*** Data for this exercise ***

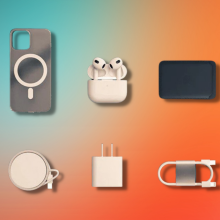 iphone accessory bundle with colorful gradient background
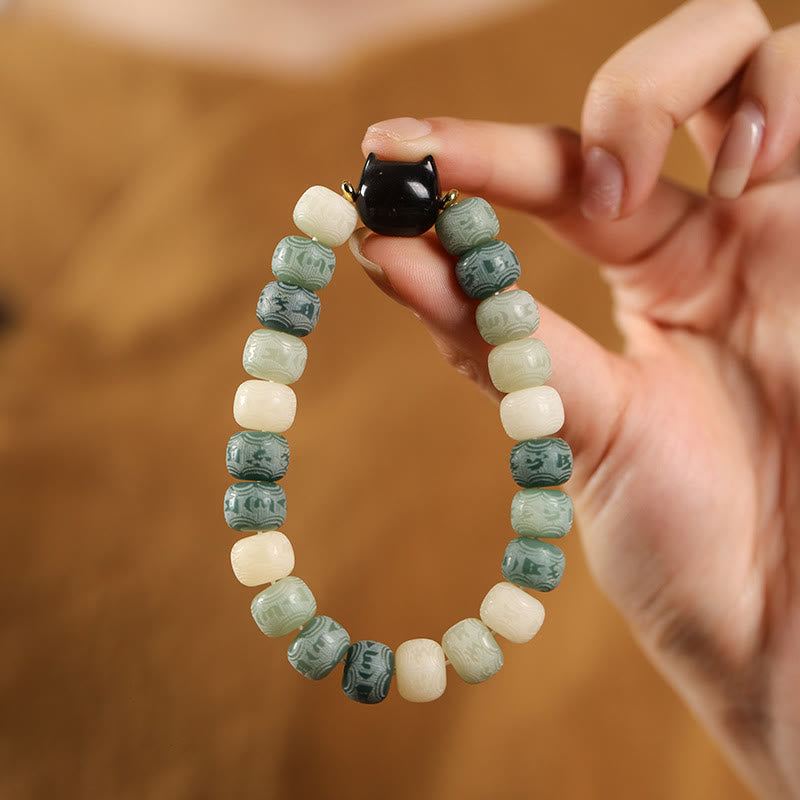 Fortune Jewel Bodhi Seed Silver Sheen Obsidian Cat Head Om Mani Padme Hum Engraved Harmony Bracelet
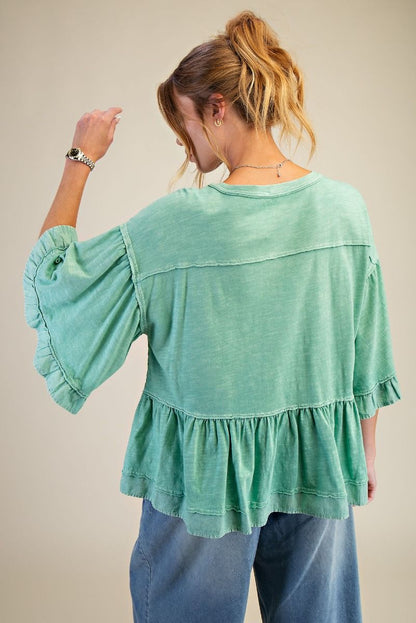 Jennie’s Jade Jam Floral Eyelet Top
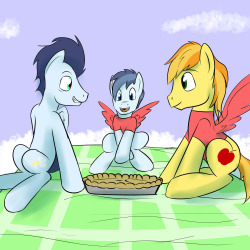 Family Picnic on a cloud.  Braeburn and Shady Daze are able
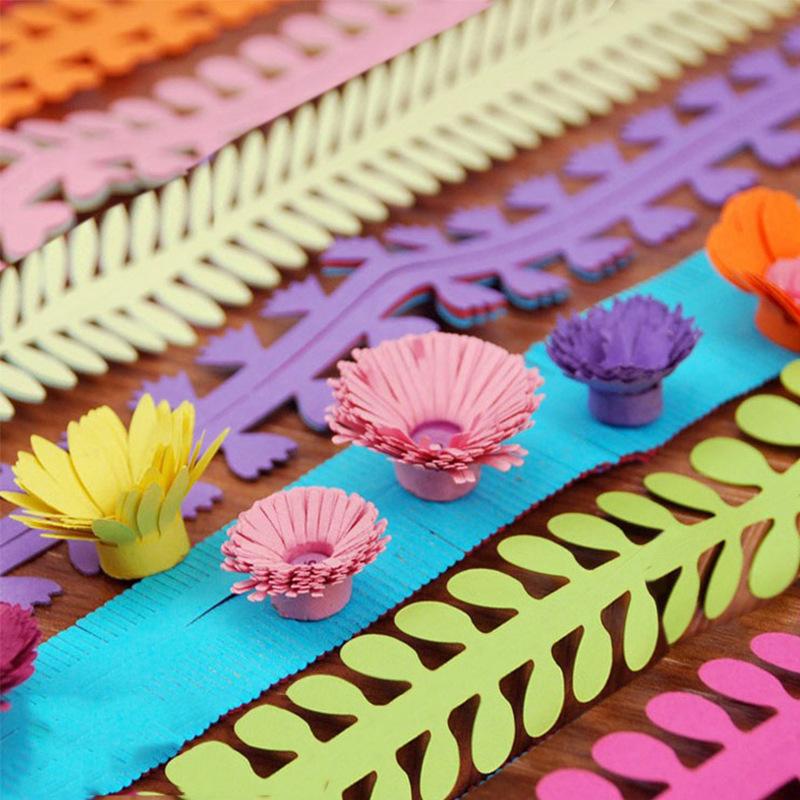 WTEMPO Flower Shape Quilling Paper Drawing By Students Three-dimensional Color Mixed with Single Color Flower Shape Roll Paper Material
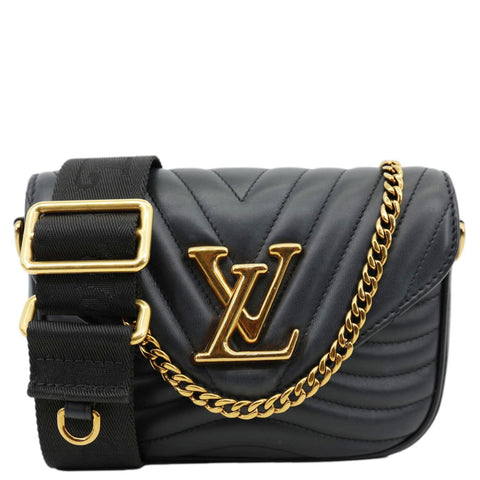 LOUIS VUITTON New Wave Multi Pochette Leather Chain Shoulder Bag Black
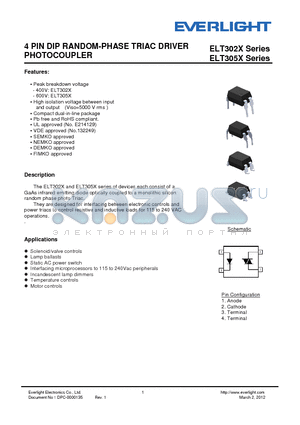 ELT3023 datasheet - 4 PIN DIP RANDOM-PHASE TRIAC DRIVER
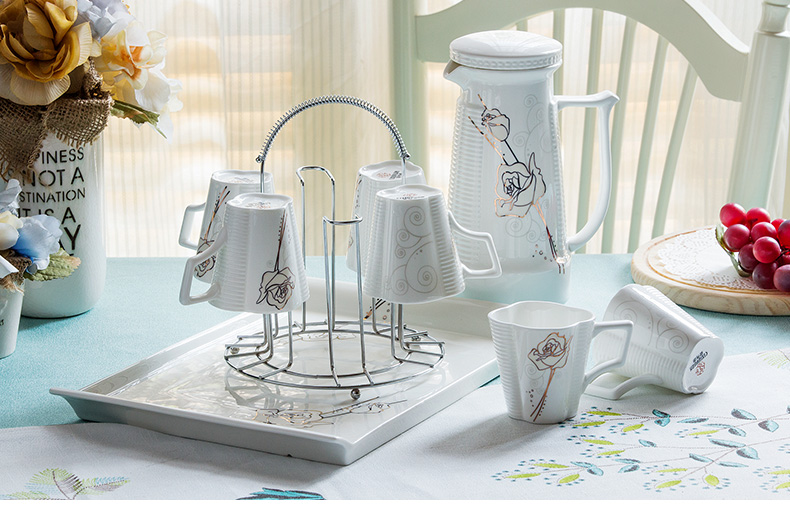Creative European ceramic water with ipads porcelain cup sitting room suit Chinese pot cup with a cup of cold water high temperature resistant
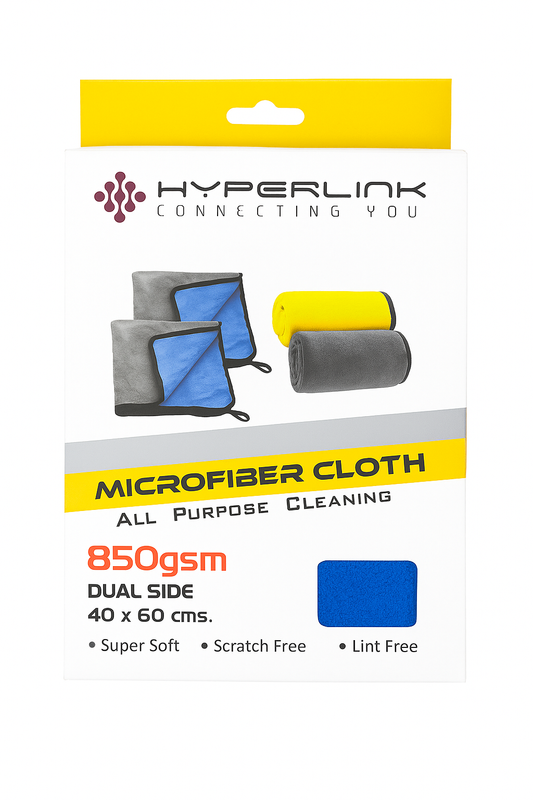 Packaging of Hyperlink microfiber cloth with two cloths on a white background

*** End of Data for this exercise ***

- _Task to carry out_
Each line from the beginning of the entries up to and including the one containing "Creative European ceramic" must be restated exactly. Pictures are to be left out.

- _Answer below_
 iphone accessory bundle with colorful gradient background
 Fortune Jewel Bodhi Seed Silver Sheen Obsidian Cat Head Om Mani Padme Hum Engraved Harmony Bracelet
 Jennie’s Jade Jam Floral Eyelet Top
 Family Picnic on a cloud.  Braeburn and Shady Daze are able
 WTEMPO Flower Shape Quilling Paper Drawing By Students Three-dimensional Color Mixed with Single Color Flower Shape Roll Paper Material
 LOUIS VUITTON New Wave Multi Pochette Leather Chain Shoulder Bag Black
 ELT3023 datasheet - 4 PIN DIP RANDOM-PHASE TRIAC DRIVER
Creative European ceramic water with ipads porcelain cup sitting room suit Chinese pot cup with a cup of cold water high temperature resistant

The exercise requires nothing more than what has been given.